Everything from the line containing "Magcubic HY450 Projector" to the end of the listing, both included, should be returned exactly, apart from the pictures.

== RECORD SET ==

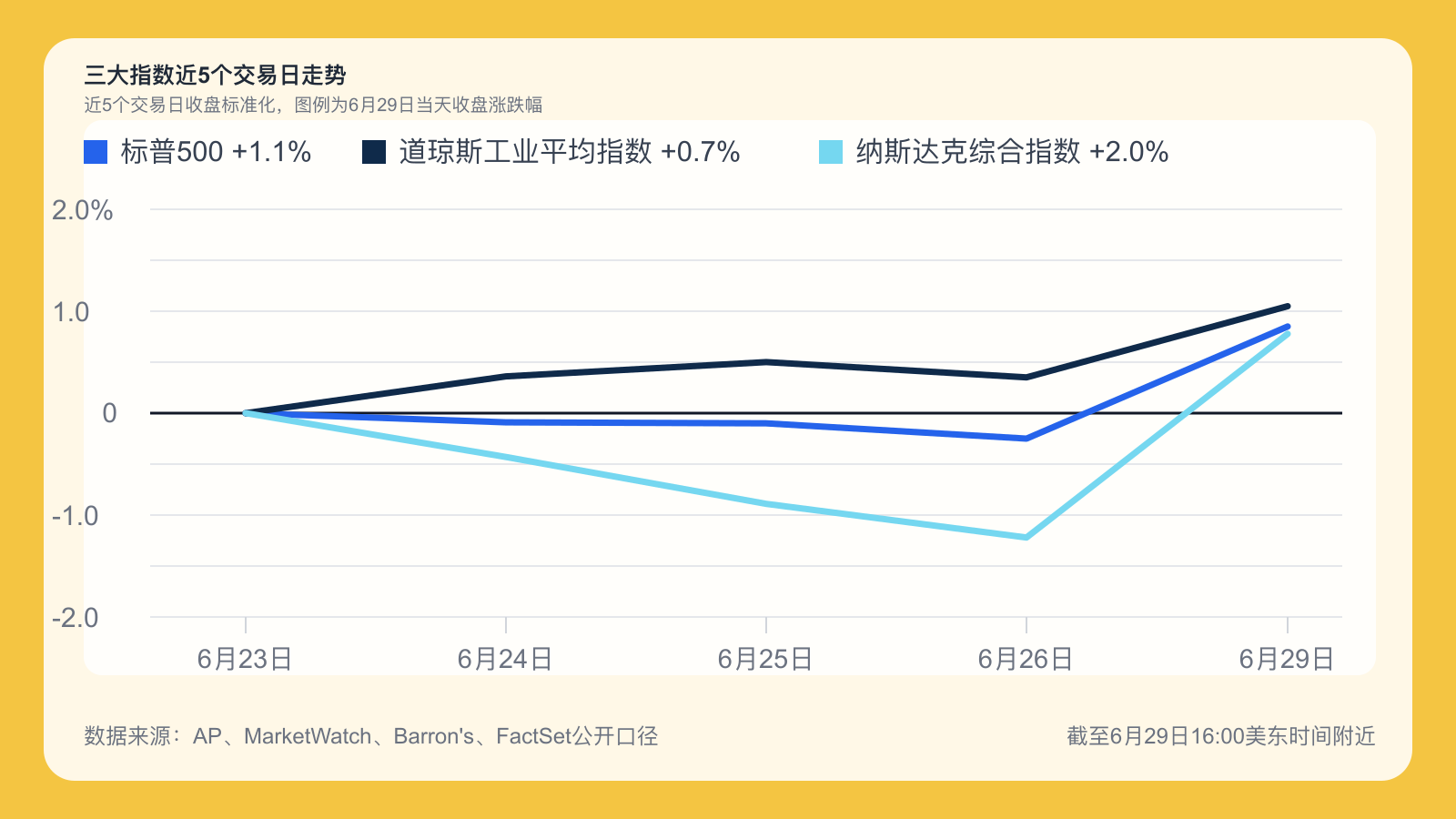三大指数2026年6月29日近5个交易日走势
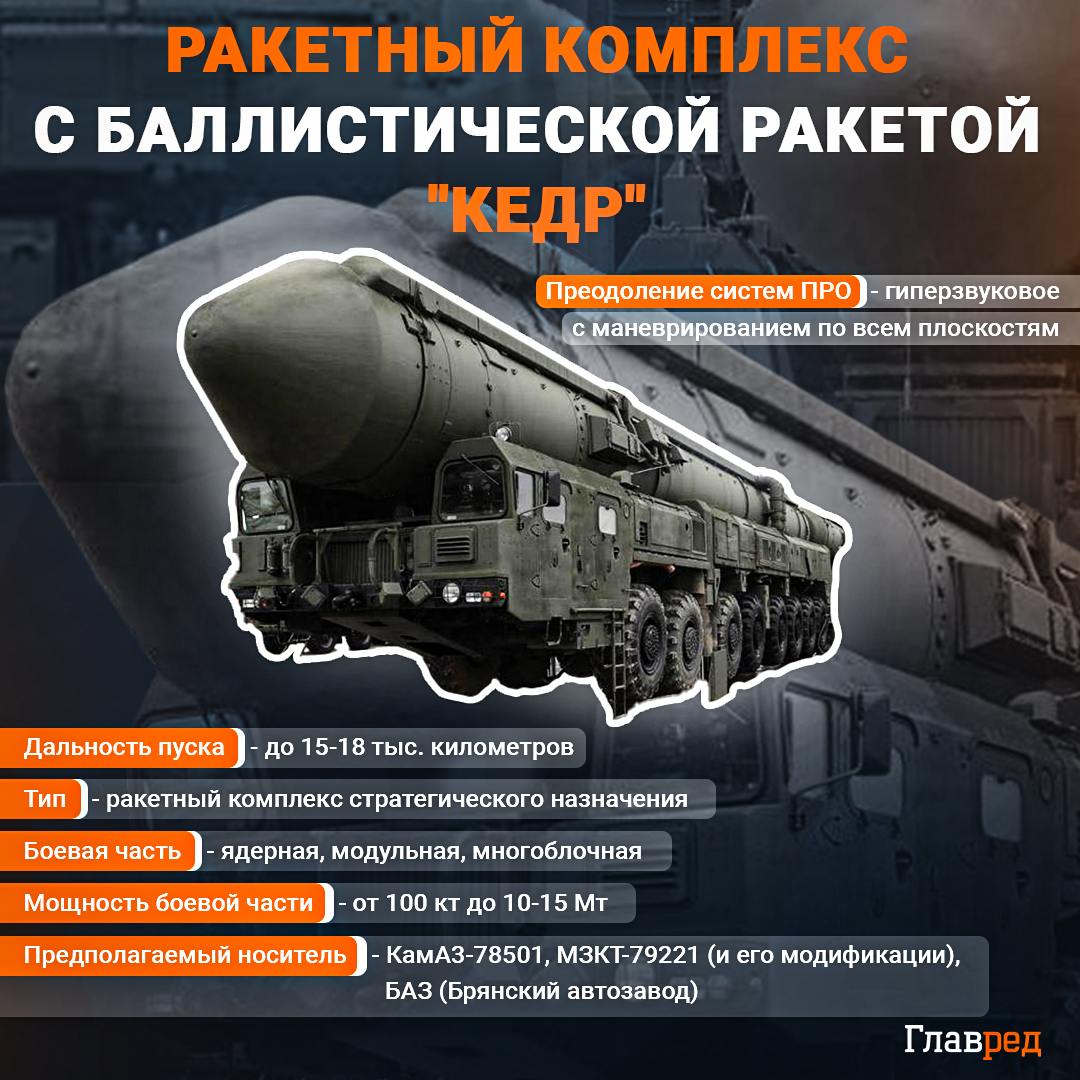 Кедр, Ракетный комплекс Кедр Кедр, Ракетный комплекс Кедр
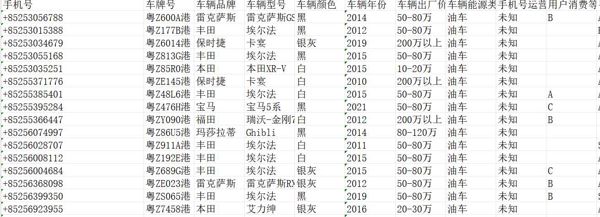 香港车主信息1000条
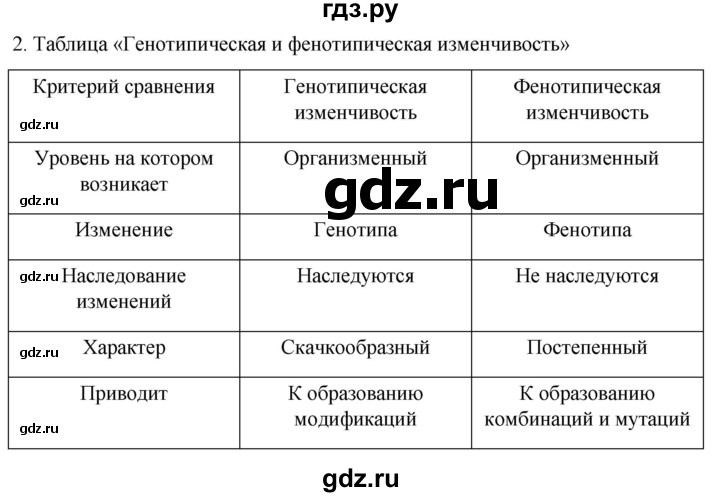 ГДЗ по биологии 10 класс Пасечник  Углубленный уровень §56 / проверьте себя - 2, Решебник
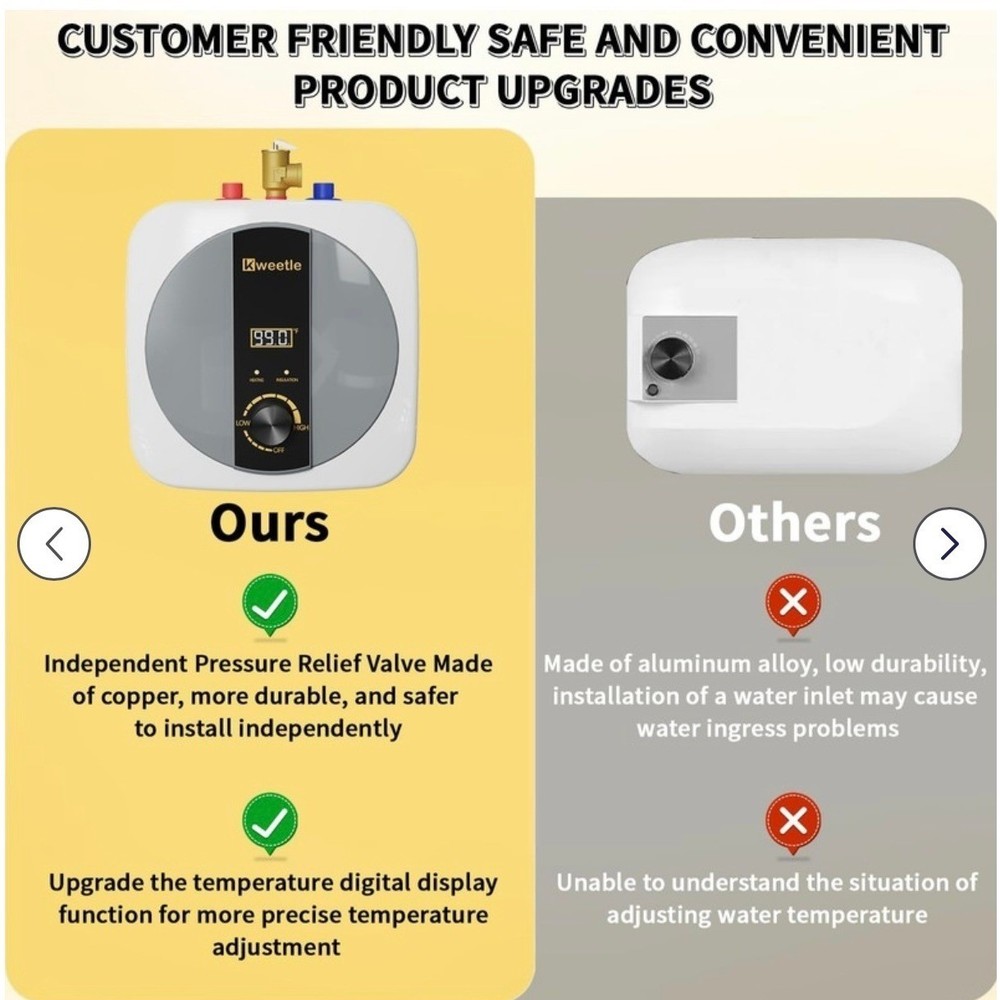 Kweetle 2.5 Gallon Mini Tank Instant Water Heater 1500W Digital Display 86-149F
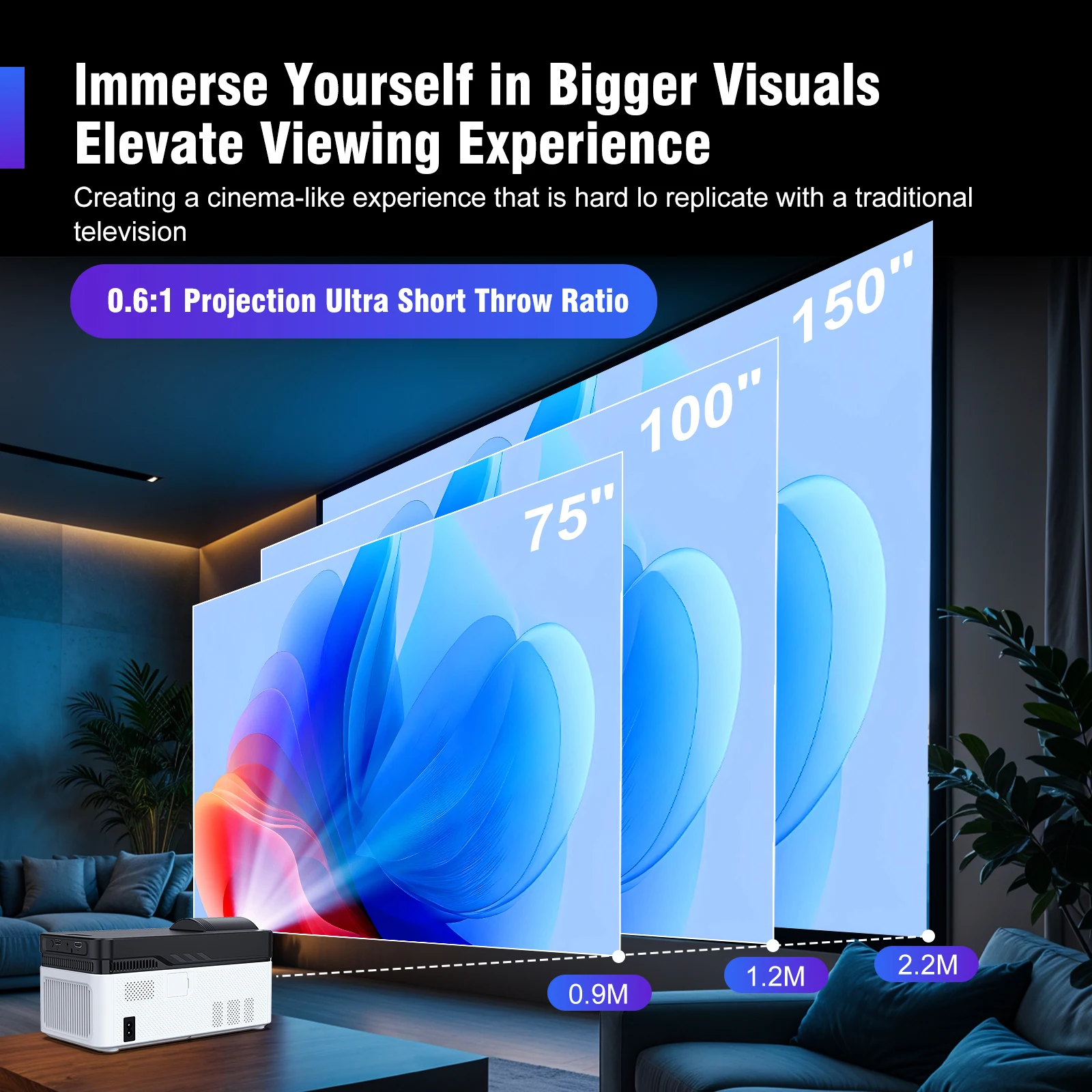 Magcubic HY450 Projector Home  - Home Cinema Ultra Short Throw Projector incelemesi ve fiyatı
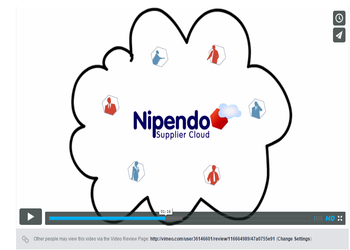 Supply & Demand Chain Software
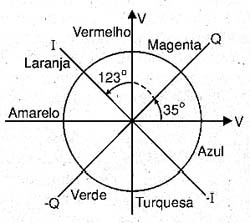 Utilizando os sinais I e Q. 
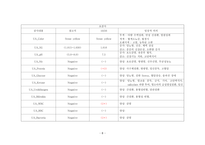 성인간호학실습_외이도염 [간호진단 8개 & 간호과정 3개]-9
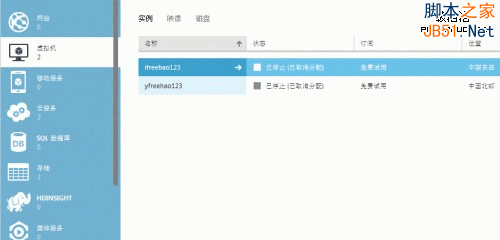 亞馬遜AWS Dell云 Windows Azure 阿里云ECS免費VPS主機試用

===

→ EXPECTED ANSWER
 Magcubic HY450 Projector Home  - Home Cinema Ultra Short Throw Projector incelemesi ve fiyatı
 Supply & Demand Chain Software
 Utilizando os sinais I e Q. 
 성인간호학실습_외이도염 [간호진단 8개 & 간호과정 3개]-9
 亞馬遜AWS Dell云 Windows Azure 阿里云ECS免費VPS主機試用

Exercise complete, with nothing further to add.